When soft plastics service REDcycle collapsed under the volume of soft plastics it was collecting, Reground was overwhelmed with new requests.

“It was too many to handle while operating sustainably and refusing to stockpile plastics ourselves,” Fiona said.

Reassuringly, a solution seems to be around the corner.

Staff member Ninna with Reground’s first van

“We need to recycle soft plastics locally, at-scale and in the best way possible. This keeps soft plastic in the economy, closing the loop to demonstrate a circular economy,” Fiona said.

“Our Victorian recycling partner is using Australia-first technology to turn soft plastics back into oil, which forms the base of all plastic product. This eliminates the need to mine for crude oil to create virgin plastics.

“I recently toured the facility and it made me feel very optimistic. The process is efficient, low-waste and works with a wide range of plastics. The company is now waiting for larger equipment to arrive so we can scale up collections.”

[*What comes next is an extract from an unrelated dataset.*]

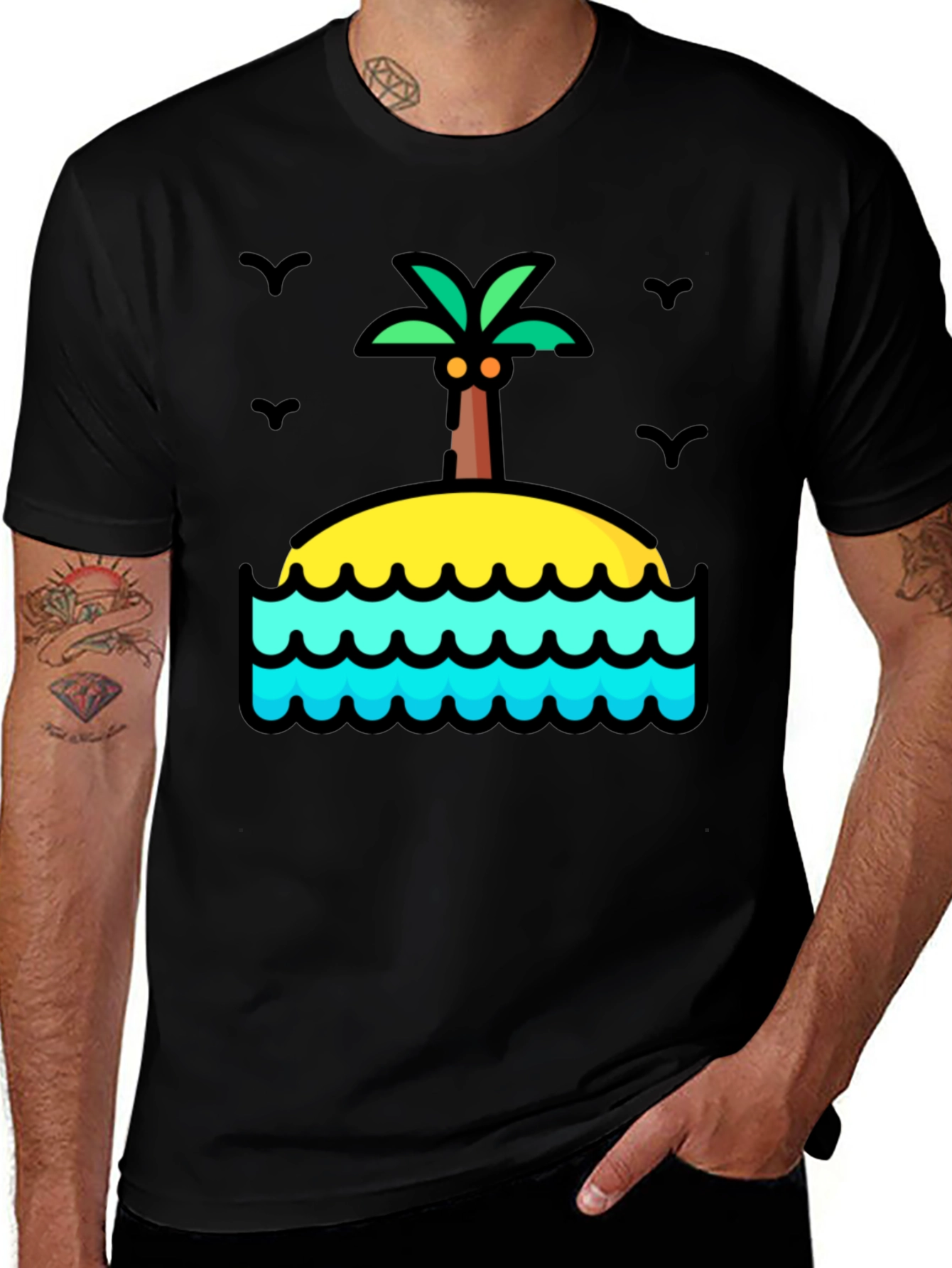 Variant 13 of Island Life Graphic Tee - Black Cotton T-Shirt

Why changing waste behaviour matters

The best way to reduce waste is to avoid creating it in the first place. The next best options are: minimising waste, then reusing items, then recycling them, then converting waste to energy. Landfill is a last resort.

“The most effective thing we can do is avoid or reduce waste. But we have to be realistic. Plastic is a necessary evil in a lot of ways, so we need to be able to manage it effectively,” Fiona said.

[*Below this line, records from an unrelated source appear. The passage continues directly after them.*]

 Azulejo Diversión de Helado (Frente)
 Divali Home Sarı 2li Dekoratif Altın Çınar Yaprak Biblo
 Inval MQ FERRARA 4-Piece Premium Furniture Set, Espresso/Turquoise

“The collapse of REDcycle was an example of how rapidly we can get out of our depth when we rely on traditional, linear systems. It was a wake-up call about the amount of waste we create and our capacity to properly manage it.

“Putting something in a bin doesn’t guarantee a sustainable endpoint for that item. We need to take our time to build durable capacity and transparent processes.”

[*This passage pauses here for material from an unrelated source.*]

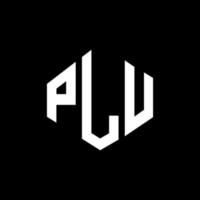 plu letter logo-ontwerp met veelhoekvorm. plu veelhoek en kubusvorm logo-ontwerp. pl zeshoek vector logo sjabloon witte en zwarte kleuren. pl monogram, bedrijfs- en onroerend goed logo.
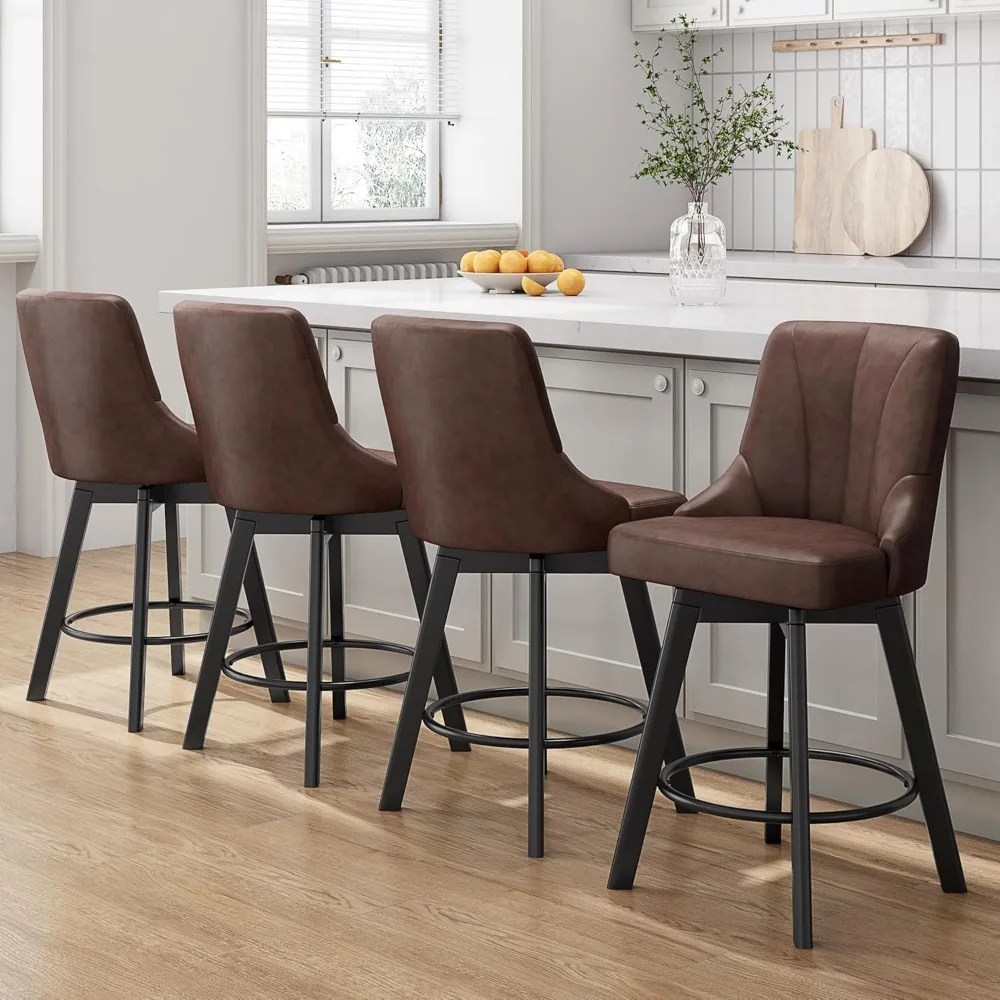 

Swivel Bar Stools with Backs, 24" Counter Height Bars Stoolses Set of 4, Leather Upholstered Counter Bars Stoolses, Bar Stools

Reground in action in a Melbourne laneway

A plan for sustainable, balanced growth

Reground currently collects coffee waste and soft plastics from 350 cafes and businesses, a number Fiona expects to increase significantly in the coming years. But Reground is focused on sustainable and efficient growth.

“When we get new enquiries, we don’t immediately say yes. We want to find the most fuel-efficient way to add new businesses to our delivery round. That can take time,” Fiona said.

Another of Reground’s key principles is to recycle coffee waste within 30 km of where it’s being brewed. To deepen their impact, the team is working on a blueprint to create regional hubs in Geelong, Bendigo and beyond.

Julian cleans out compost bins at a community garden

“It’s sort of like a franchise model, but not one where the profits come back to us. We’re looking to grow our impact, not our finances,” Fiona said.

“We want to engage people already working in these communities and provide them with all the resources they need to be successful, alongside opportunities for additional revenue streams and employment.”

In addition to the regional hubs, Reground will also continue offering consultancy and advocacy services to help like-minded groups – including corporates, retailers and apartment buildings – to manage waste more effectively.

Alice and Fiona (right) completing a waste audit

The team’s big goal is to see all the coffee waste produced in Victoria kept out of landfill and returned to the soil locally. And with regular enquiries from interstate and overseas – including Indonesia and Mexico – the sky is the limit.

“I think everyone feels the call to contribute to make the world a better place and to fix the issues they see. For us, Reground is an avenue to do that – a way to use our skills in service of our ideals and goals,” Fiona said.

“The more time you spend in an industry like waste the more you realise certain areas are undernourished, and we can fill those gaps as needed.

“Reground could be doing almost anything in the sphere of waste sustainability in 5 or 10 years. I’m really excited to see it progress.”

Reground certification in a cafe window

Reground wins Melbourne Award for Sustainability

The City of Melbourne has recognised Reground’s amazing achievements with the 2022 Melbourne Award for Sustainability.

The Melbourne Awards are our city’s highest accolade, celebrating the inspirational Melburnians who dedicate their time and energy to making this city a world leader.